Apply this patch, that causes an error in Apache:

https://bugs.launchpad.net/charm-openstack-dashboard/+bug/1678014

Ceilometer

$ juju config ceilometer-agent action-managed-upgrade=true
$ juju config ceilometer-agent openstack-origin=cloud:xenial-queens
$ juju run-action ceilometer-agent/$L openstack-upgrade

$ juju config ceilometer action-managed-upgrade=true
$ juju config ceilometer openstack-origin=cloud:xenial-queens
$ juju run-action ceilometer/$L openstack-upgrade

gnocchi (csd-garr charm)

Gnocchi charm has the option openstack-origin but it does not have action-managed-upgrade option. As a consequence it is not possible to upgrade the charm to Pike.

General troubleshooting

In the following we outline problems that may appear on any services during maintenance operations.

Message queue (Rabbit)

The connection between a service and the message queue may break during the upgrade process. It is advisable to log on the service units after the upgrade and check the logs for error messages. Problems with the message queue are reported as ” … ERROR oslo_messaging … connection timed out | connection refused | host unreachable”.
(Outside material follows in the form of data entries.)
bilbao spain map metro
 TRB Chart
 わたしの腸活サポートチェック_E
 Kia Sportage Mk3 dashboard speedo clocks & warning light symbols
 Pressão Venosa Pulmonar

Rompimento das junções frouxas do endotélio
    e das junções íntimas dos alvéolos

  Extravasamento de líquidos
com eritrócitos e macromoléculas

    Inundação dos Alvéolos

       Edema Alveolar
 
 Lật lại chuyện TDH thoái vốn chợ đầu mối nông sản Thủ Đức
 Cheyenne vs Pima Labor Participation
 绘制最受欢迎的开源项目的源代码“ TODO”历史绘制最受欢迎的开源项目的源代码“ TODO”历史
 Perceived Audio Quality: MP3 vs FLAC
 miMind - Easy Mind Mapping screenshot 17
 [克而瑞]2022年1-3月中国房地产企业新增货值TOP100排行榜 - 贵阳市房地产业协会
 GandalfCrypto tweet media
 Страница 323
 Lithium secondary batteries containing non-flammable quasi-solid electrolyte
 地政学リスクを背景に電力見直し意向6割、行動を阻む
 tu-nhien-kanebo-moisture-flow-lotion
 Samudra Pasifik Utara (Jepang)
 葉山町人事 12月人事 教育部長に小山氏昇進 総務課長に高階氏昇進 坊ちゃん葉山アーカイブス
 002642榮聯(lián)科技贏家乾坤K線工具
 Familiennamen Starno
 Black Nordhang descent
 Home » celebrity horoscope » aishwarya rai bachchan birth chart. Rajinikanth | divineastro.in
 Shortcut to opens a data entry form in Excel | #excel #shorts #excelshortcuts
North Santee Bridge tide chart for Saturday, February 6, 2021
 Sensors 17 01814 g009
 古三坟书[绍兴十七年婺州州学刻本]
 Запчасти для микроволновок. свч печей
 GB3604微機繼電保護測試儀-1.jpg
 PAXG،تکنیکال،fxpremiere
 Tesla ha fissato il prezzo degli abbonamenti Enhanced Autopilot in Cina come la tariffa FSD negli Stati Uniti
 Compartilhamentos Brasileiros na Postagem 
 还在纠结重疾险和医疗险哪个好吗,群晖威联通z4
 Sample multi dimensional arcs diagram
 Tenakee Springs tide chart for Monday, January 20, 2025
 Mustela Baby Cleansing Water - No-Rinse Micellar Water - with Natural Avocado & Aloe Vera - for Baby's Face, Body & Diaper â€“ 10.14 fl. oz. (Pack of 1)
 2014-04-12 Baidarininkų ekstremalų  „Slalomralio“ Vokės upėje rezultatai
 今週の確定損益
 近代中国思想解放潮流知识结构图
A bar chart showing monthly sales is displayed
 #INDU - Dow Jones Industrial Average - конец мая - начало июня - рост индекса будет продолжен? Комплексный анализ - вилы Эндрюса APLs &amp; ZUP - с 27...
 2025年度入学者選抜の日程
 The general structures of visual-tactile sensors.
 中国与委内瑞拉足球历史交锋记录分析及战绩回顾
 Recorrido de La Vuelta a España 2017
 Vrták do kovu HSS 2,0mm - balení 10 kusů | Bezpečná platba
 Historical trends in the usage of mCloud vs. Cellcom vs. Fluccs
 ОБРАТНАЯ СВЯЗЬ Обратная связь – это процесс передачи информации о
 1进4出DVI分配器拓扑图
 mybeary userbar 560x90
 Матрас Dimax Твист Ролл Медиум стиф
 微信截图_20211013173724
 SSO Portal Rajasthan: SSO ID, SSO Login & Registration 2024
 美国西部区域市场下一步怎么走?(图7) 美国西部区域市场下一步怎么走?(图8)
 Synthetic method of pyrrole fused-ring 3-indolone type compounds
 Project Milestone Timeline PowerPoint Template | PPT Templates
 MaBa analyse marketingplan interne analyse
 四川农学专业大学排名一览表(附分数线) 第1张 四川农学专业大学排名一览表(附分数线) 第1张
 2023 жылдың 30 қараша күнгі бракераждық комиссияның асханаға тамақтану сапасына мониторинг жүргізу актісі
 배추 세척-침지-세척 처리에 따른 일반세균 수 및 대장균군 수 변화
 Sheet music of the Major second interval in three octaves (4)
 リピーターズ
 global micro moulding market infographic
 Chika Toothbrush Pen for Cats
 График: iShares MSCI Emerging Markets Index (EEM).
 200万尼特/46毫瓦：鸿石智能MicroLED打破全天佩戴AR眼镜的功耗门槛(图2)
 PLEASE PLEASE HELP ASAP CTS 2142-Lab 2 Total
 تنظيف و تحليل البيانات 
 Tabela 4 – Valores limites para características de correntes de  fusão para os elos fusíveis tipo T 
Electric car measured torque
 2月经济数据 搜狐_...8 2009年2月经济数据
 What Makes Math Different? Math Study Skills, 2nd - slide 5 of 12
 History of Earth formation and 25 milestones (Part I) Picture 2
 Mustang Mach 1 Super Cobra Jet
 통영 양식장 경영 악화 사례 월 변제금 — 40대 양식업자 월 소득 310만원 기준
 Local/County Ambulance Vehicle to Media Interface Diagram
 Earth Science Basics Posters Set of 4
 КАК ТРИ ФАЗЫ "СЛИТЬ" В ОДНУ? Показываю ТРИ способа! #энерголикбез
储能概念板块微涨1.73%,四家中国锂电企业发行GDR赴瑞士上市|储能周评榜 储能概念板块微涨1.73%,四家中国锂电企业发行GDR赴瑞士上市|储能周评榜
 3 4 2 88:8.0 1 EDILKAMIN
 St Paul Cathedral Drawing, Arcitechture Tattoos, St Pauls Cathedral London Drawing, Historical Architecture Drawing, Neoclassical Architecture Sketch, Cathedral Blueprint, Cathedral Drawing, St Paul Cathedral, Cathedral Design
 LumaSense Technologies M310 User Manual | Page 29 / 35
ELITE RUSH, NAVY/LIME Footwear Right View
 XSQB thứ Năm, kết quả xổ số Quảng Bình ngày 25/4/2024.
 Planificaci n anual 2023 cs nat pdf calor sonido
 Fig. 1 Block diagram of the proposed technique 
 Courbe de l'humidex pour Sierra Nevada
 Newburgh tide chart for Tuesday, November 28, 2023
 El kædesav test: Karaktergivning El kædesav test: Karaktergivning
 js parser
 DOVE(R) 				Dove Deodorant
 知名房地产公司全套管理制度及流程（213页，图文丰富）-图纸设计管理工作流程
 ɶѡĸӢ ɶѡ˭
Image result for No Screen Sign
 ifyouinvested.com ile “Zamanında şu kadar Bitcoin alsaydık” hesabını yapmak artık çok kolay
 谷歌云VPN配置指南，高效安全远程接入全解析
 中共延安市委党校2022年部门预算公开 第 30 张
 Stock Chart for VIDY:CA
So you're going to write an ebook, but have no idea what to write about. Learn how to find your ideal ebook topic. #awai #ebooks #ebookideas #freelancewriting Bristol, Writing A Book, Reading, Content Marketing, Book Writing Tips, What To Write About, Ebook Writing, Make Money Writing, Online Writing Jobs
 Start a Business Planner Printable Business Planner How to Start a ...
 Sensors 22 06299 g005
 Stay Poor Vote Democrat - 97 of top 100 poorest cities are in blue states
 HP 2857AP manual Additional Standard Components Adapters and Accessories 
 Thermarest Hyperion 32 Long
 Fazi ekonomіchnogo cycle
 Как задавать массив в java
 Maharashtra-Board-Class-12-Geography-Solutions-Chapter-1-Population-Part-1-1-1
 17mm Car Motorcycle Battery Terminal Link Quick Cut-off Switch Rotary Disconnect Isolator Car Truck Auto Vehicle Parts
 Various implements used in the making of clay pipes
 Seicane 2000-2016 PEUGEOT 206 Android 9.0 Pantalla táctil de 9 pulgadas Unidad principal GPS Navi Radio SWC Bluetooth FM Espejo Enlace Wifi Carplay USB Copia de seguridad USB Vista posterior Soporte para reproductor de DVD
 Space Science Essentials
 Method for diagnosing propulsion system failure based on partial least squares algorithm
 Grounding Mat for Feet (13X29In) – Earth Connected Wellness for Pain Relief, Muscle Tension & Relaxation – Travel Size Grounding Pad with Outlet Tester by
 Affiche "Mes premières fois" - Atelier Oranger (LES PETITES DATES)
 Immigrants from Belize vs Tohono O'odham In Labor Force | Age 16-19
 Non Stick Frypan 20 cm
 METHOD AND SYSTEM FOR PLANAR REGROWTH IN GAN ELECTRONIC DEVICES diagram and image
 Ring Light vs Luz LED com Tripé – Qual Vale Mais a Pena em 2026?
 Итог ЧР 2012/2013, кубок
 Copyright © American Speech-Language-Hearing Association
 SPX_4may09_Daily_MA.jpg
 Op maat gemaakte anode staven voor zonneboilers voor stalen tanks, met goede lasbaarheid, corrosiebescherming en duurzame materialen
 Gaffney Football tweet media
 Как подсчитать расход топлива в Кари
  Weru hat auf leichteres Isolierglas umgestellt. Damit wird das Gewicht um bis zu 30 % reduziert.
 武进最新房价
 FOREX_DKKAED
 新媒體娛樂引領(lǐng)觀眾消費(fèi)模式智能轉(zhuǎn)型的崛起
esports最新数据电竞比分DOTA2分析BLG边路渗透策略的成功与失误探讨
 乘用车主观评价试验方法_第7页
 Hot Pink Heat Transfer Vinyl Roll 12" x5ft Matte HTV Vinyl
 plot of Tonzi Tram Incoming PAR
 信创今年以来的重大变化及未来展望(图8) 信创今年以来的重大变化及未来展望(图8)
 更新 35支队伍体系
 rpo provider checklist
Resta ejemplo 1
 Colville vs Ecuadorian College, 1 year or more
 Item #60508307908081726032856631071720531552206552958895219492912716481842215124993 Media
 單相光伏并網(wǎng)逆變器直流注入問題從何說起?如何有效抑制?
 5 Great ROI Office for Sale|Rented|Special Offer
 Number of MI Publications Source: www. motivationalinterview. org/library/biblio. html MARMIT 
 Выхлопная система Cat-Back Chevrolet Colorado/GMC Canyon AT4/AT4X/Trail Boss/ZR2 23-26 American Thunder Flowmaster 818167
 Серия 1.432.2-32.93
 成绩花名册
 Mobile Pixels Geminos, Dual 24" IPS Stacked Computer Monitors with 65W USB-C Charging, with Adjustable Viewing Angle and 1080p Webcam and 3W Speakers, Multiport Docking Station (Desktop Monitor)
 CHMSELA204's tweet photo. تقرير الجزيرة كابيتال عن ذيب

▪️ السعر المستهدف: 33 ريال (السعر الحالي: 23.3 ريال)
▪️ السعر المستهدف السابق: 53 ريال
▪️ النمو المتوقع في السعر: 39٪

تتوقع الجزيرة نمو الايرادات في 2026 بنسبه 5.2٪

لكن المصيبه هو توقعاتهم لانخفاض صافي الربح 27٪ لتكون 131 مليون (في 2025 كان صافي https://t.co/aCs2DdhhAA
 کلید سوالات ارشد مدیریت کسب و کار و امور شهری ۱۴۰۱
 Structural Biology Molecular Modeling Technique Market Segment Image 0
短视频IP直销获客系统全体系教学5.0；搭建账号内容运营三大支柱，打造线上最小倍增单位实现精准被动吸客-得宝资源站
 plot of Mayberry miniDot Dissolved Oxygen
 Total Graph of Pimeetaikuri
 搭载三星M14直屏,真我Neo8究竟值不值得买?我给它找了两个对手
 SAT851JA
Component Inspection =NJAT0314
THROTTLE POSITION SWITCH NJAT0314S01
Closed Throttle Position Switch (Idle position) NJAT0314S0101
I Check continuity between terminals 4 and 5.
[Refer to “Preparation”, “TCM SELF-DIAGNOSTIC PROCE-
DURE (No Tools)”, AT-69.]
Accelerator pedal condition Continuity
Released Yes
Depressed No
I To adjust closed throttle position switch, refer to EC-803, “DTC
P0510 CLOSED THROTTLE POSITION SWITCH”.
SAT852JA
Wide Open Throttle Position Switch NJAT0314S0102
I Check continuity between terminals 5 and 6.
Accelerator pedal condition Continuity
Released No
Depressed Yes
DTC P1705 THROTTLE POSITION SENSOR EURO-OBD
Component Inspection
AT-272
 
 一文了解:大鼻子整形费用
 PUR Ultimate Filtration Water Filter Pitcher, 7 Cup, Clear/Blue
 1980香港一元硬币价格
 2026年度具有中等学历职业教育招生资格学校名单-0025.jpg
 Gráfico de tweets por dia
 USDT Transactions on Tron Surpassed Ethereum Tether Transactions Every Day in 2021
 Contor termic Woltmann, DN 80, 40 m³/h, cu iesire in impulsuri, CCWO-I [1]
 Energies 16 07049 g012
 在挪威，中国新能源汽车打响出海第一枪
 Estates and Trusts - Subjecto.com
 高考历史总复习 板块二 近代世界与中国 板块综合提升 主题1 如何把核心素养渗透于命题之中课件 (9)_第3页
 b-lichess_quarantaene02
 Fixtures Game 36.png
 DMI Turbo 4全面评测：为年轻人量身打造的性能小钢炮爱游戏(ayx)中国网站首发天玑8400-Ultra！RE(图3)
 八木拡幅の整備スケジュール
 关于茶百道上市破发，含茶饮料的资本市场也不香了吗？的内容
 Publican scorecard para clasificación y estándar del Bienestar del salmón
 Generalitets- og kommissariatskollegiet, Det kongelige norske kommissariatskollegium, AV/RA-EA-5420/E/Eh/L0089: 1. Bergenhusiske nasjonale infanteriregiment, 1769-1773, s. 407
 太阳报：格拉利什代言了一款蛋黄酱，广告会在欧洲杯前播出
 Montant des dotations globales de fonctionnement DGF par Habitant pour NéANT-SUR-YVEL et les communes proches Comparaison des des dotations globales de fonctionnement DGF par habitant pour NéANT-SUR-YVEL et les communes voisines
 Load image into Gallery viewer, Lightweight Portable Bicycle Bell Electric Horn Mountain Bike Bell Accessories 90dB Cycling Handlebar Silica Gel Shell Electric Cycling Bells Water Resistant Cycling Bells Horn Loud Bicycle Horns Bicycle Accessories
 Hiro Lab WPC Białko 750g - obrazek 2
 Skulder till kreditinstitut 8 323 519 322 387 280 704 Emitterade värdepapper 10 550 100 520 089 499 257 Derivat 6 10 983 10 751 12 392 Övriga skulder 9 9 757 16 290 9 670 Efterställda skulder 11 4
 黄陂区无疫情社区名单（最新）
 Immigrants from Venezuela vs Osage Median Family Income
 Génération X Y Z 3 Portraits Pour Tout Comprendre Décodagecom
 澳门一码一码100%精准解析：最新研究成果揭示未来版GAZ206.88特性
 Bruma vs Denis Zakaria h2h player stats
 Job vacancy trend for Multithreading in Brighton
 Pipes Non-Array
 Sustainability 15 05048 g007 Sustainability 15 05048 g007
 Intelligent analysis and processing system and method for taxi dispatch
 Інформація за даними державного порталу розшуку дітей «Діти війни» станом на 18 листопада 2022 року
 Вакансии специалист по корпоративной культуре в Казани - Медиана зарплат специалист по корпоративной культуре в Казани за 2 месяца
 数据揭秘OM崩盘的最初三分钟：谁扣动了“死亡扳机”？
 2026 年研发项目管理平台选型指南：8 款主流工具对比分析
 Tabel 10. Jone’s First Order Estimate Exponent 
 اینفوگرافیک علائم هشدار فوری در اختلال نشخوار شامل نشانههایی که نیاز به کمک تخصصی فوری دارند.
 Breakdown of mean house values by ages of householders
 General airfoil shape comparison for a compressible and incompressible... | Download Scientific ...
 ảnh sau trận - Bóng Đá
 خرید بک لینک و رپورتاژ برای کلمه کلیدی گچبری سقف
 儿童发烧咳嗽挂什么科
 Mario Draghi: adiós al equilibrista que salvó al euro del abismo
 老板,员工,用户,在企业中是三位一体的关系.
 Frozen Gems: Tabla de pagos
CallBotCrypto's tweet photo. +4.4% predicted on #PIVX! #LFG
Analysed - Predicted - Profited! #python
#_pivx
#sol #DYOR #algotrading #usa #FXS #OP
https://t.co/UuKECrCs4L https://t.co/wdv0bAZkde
In general the solution is logging on the rabbit units and restart rabbitmq_server:

$ service rabbitmq_service restart

Afterwards check that the rabbitmq cluster is active:

$ rabbitmqctl cluster_status

  Cluster status of node 'rabbit@juju-08eaf8-91-lxd-54' ...
  [{nodes,[{disc,['rabbit@juju-08eaf8-156-lxd-9','rabbit@juju-08eaf8-90-lxd-63',
           'rabbit@juju-08eaf8-91-lxd-54']}]},
  {running_nodes,['rabbit@juju-08eaf8-156-lxd-9',
            'rabbit@juju-08eaf8-90-lxd-63',
            'rabbit@juju-08eaf8-91-lxd-54']},
  {cluster_name,<<"rabbit@juju-08eaf8-128-lxd-48.maas">>},
  {partitions,[]}]

In this case we see 3 running nodes, i.e. the cluster is complete.

We once ran into a more complicated issue: rabbit lost the rabbit_user correspondent to a service (glance)! To check users and permissions run the following commands, of which we show the output in case of good health:

$ rabbitmqctl list_users
Listing users ...
cinder     []
glance     []
guest      [administrator]
nagios-rabbitmq-server-ct1-cl1-15  []
nagios-rabbitmq-server-ct1-cl1-16  []
nagios-rabbitmq-server-ct1-cl1-17  []
nagios-rabbitmq-server-ct1-cl1-18  []
nagios-rabbitmq-server-ct1-cl1-19  []
neutron    []
nova       []

$ rabbitmqctl list_user_permissions glance
 Listing permissions for user "glance" ...
 openstack .*      .*      .*

The solution in this case was to remove and add the relation between glance and rabbit, which reconfigured the services correctly.